Meet Hilary Hendsbee, professional shutterbug and MODG native – born and raised in what she affectionally refers to as the “metropolis of Guysborough town” – who recently answered, and won, the Guysborough District Business Partnership’s (GDBP) call for a photographer to document the municipality in pictures. But, not just any pictures.

“Rather than all of the really flashy tourism photos that you tend to see – the ones that are very curated and perfect,” she says, “I want to show off more of our people and what it feels like to really be here. I mean all of Nova Scotia has beautiful coastlines with all of these picturesque places. But it’s the people that really make us who we are. That’s the difference.”

It’s precisely that difference the GDBP – a municipally funded business and community development and promotional agency – was looking for when it published a request for proposals (RFP) last month for a “qualified photographer” to artfully challenge residents and visitors alike to see themselves here in a whole new light.

As GDBP Executive Director Ashley Cunningham Avery told The Journal in May, that means some staged shots; but the emphasis will be on showing the area’s atmosphere and energy. “We need a stream of photography to market communities, events and businesses “to people who don’t see this every day,” she said.

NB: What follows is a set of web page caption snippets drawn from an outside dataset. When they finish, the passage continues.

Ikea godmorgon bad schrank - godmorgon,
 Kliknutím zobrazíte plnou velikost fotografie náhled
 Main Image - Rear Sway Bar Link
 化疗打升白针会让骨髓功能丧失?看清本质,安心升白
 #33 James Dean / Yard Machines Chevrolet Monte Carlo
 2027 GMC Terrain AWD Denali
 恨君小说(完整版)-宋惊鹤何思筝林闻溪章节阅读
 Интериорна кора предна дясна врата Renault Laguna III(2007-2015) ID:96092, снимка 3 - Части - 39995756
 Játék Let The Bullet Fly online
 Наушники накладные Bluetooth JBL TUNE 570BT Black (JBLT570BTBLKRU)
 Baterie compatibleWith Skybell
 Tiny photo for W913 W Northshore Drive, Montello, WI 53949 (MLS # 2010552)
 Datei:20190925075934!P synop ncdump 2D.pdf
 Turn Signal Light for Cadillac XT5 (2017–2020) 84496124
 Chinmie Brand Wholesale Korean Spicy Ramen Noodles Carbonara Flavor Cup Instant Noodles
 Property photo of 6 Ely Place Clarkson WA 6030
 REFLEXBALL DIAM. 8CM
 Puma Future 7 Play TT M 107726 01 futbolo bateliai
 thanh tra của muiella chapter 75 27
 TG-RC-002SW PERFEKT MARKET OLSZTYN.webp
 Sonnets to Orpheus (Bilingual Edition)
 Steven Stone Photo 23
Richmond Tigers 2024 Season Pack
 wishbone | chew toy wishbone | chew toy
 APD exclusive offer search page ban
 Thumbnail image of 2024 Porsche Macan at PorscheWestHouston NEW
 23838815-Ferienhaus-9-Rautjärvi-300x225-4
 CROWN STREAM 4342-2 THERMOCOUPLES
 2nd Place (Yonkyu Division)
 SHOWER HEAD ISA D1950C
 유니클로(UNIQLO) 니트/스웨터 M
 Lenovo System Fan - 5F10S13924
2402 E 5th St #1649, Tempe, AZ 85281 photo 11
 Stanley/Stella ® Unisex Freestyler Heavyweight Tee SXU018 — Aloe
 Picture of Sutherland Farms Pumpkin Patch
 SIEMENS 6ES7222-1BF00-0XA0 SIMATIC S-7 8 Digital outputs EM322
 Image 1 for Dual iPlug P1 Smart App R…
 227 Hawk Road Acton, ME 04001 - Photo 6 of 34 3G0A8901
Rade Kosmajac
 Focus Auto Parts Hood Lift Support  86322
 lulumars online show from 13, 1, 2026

Ultimately, the project is designed to help anyone – local tourism operators, other small businesses and community volunteer groups – who may not have money to pay for professional photography.

Over the next 10 months, under contract for the GDBP, Hendsbee will be working hard to do just that. Explaining how she plans to tackle the job, she says, “I’m almost finished a [separate] project with ArtWorks East [artists’ collective] in Guysborough. Instead of doing headshots of them, I’ve been doing studio portraits – taking photos of the things they do and what really makes them artists. Doing that, you start to learn about the different people in our community, and what they’re really up to. It’s about capturing as much about them as you can.”

Nor is she afraid of getting wet – both figuratively and literally – in pursuit of her craft. “I have a lot of shots of me in a kayak following someone else. It’s not me on the shore taking pictures of kayakers; you can see the kayak and, so, you can almost see yourself in that moment. These are more of the kind of shots that I like to get. Oftentimes, viewers are looking at these on a website or social media from somewhere else and you want to draw them in, you want to have something that they can feel and then [do themselves] at some point.”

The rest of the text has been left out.